Write out exactly, excluding pictures, the lines from the one containing "Cristina Bertolotti &ndash;" through the end of the data, both included.

Data in this exercise ::
»»
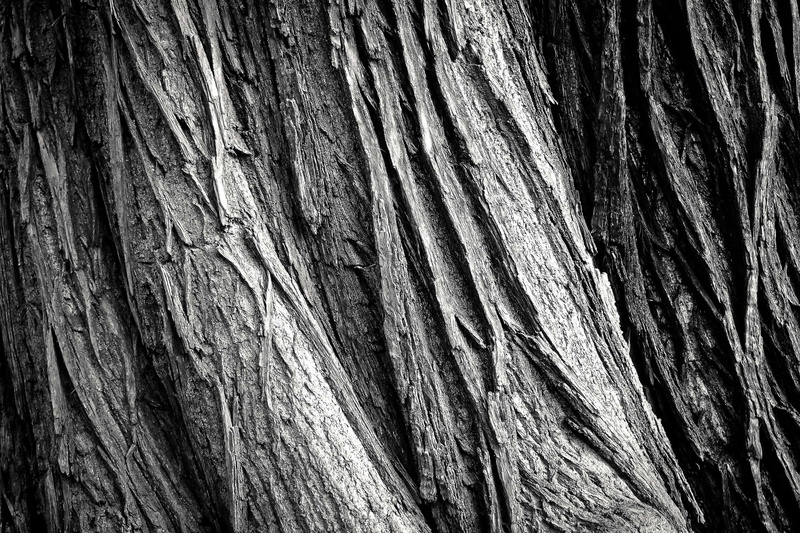 dirty, black and white, hardwood, natural condition, natural pattern, oak, plant, tree, pine, rugged, trunk, full frame, weathered, wood grain, black, background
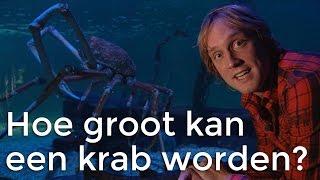 Hoe groot kan een krab worden? | Het Klokhuis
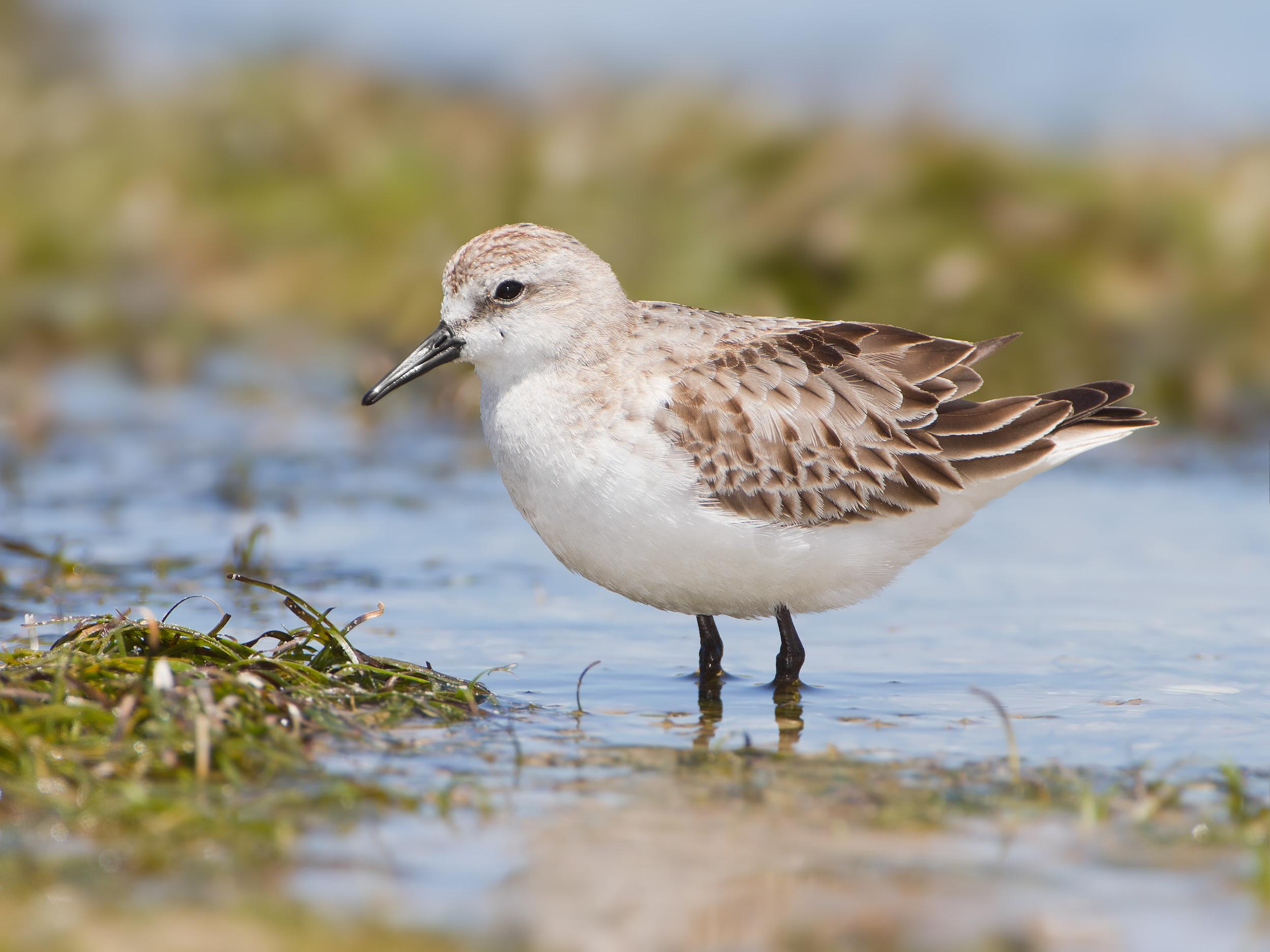 Correlimos cuellirrojo (Calidris ruficollis)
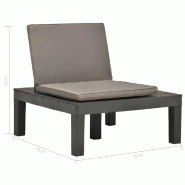VidaXL Chaise De Salon De Jardin Avec Coussin Plastique Anthracite - gris 48826XL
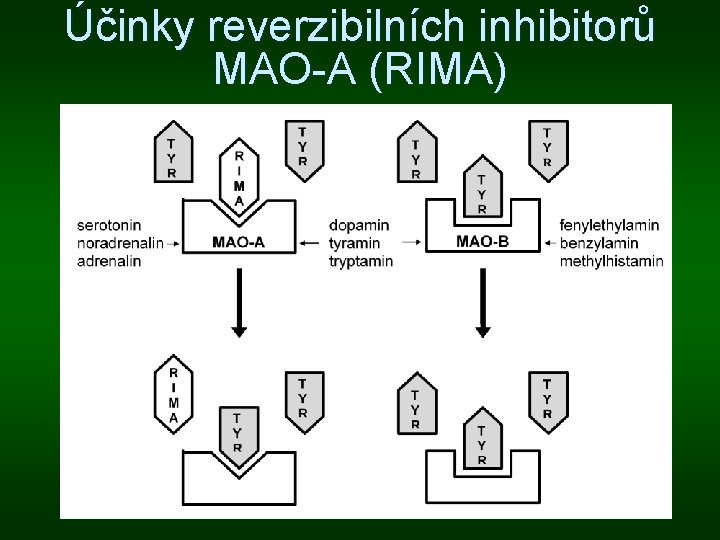 Účinky reverzibilních inhibitorů MAO-A (RIMA) 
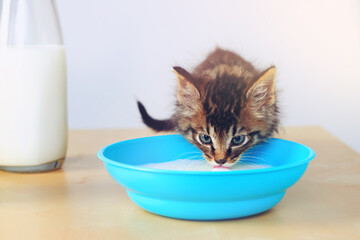 Cat, pet and bowl in living room with milk for formula, growth development or nutrition with feeding. Animal, thirsty and kitten with container for digestive health, hungry or wellness in home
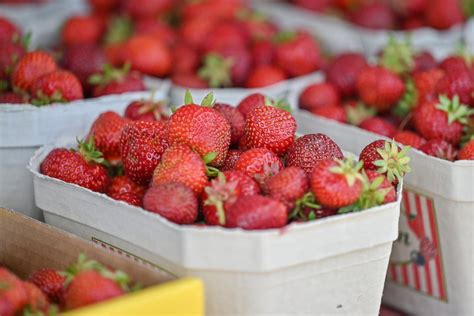 Chemnitz Endlich sind Erdbeeren reif Hier gibt s süßen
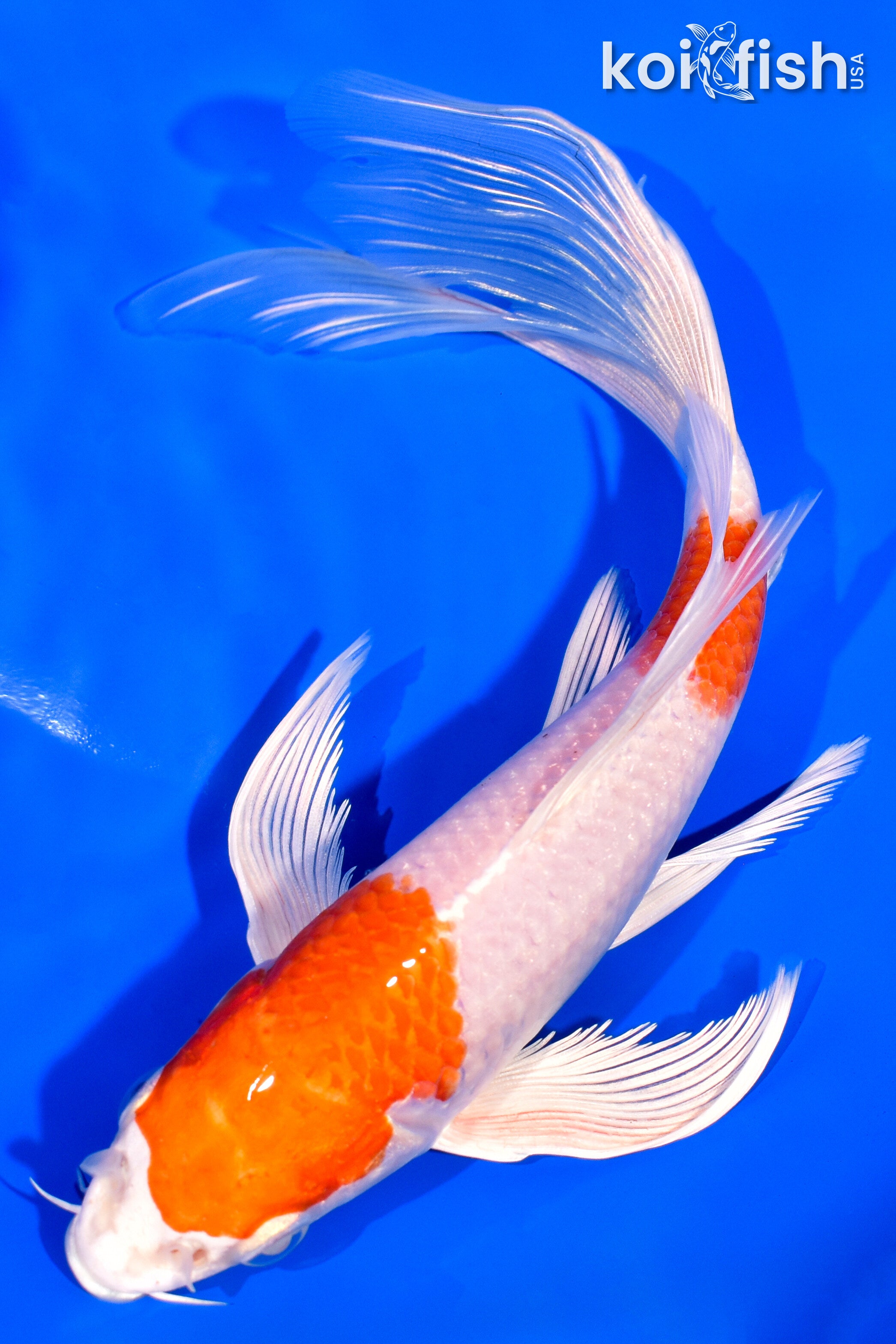 行列のできるレビュー商品、集めました。高評価アイテム Butterfly Koi Fish Koi | Online Koi Butterfly Buy | Sale for 絵画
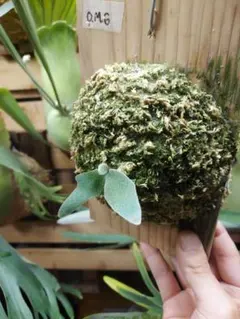 2025年最新】totoro ビカクシダの人気アイテム - メルカリ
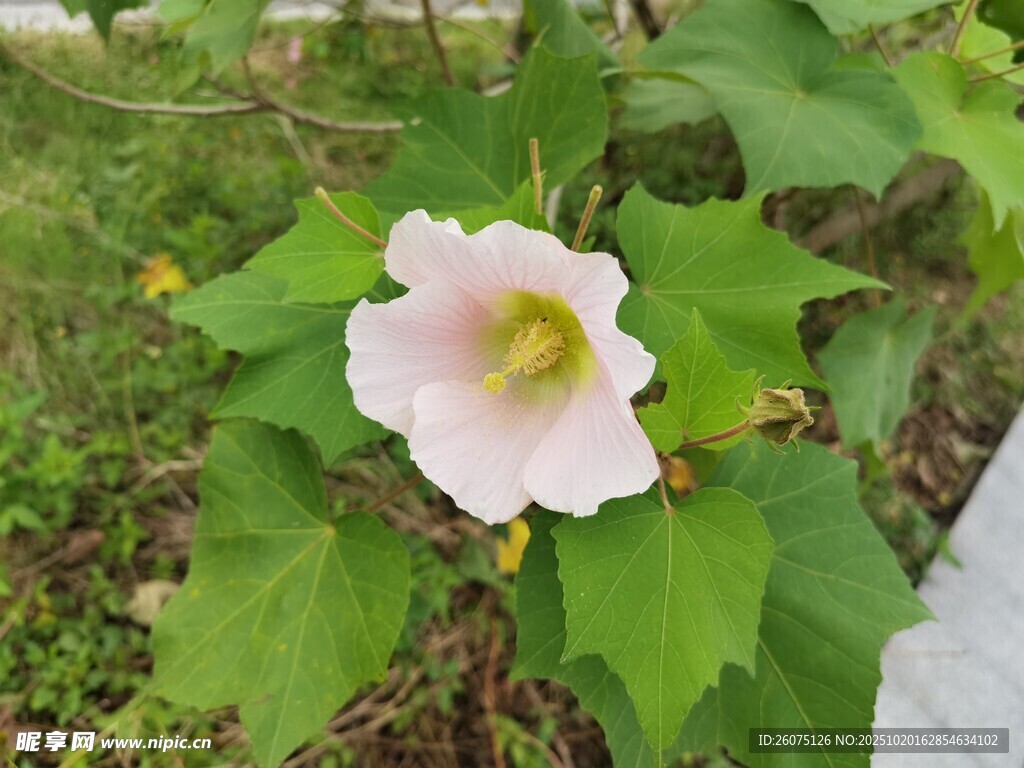粉色单朵木槿花绽放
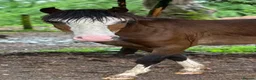 Welsh Section C horses for sale: Quality Welsh C Youngster  - Advert 2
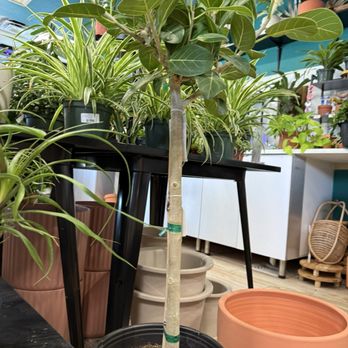 Fancy Plants - Cute tree - Nurseries & Gardening Near Me - Wylie, Texas Fancy Plants - Cute tree - Nurseries & Gardening Near Me - Wylie, Texas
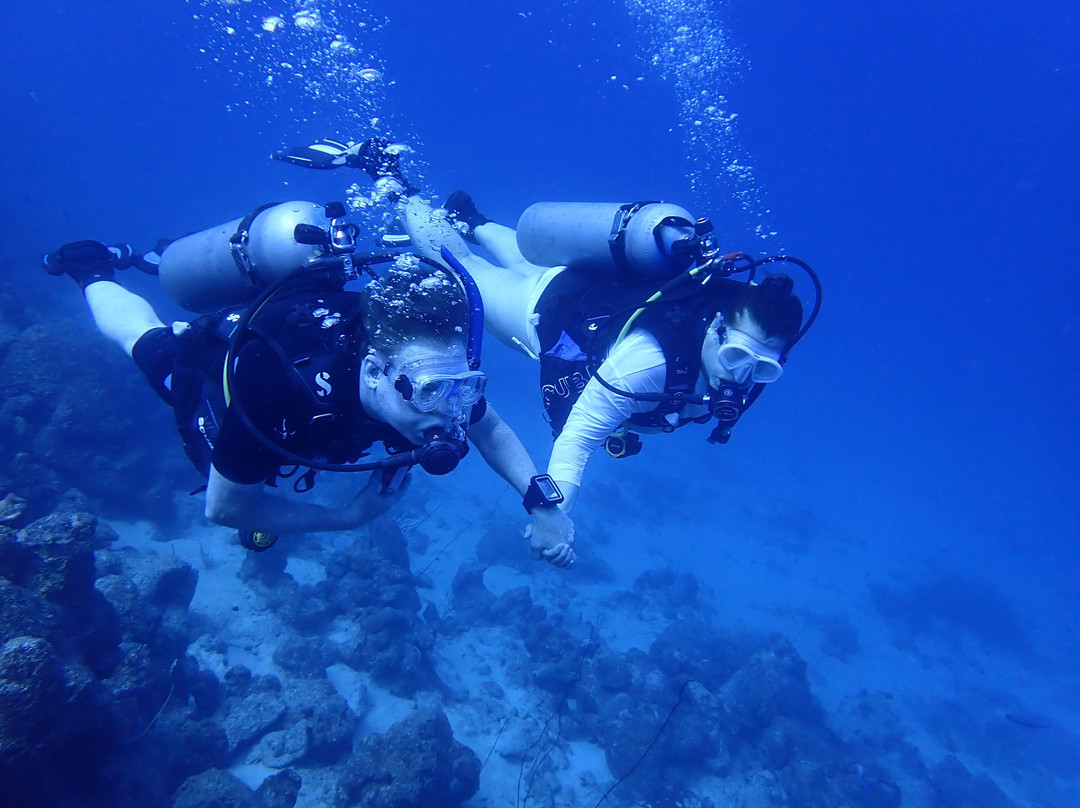 JADS Dive Center-San Nicolas必去景点
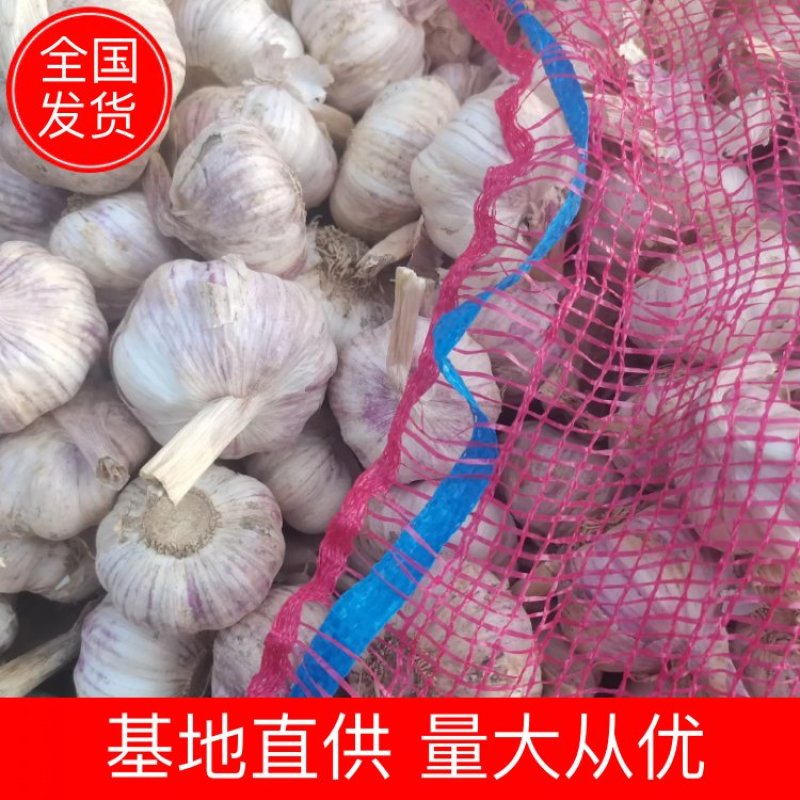 2022年新干大蒜代发市场一件代发商超社区团购电商专供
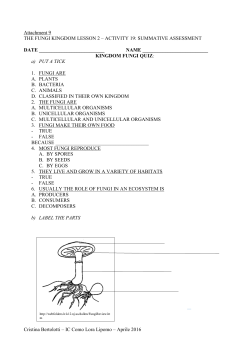 Cristina Bertolotti &ndash; IC Como Lora Lipomo &ndash; Aprile 2016 Attachment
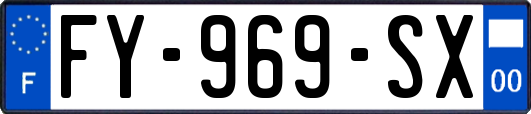 FY-969-SX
««
Written answer ::
 Cristina Bertolotti &ndash; IC Como Lora Lipomo &ndash; Aprile 2016 Attachment
 FY-969-SX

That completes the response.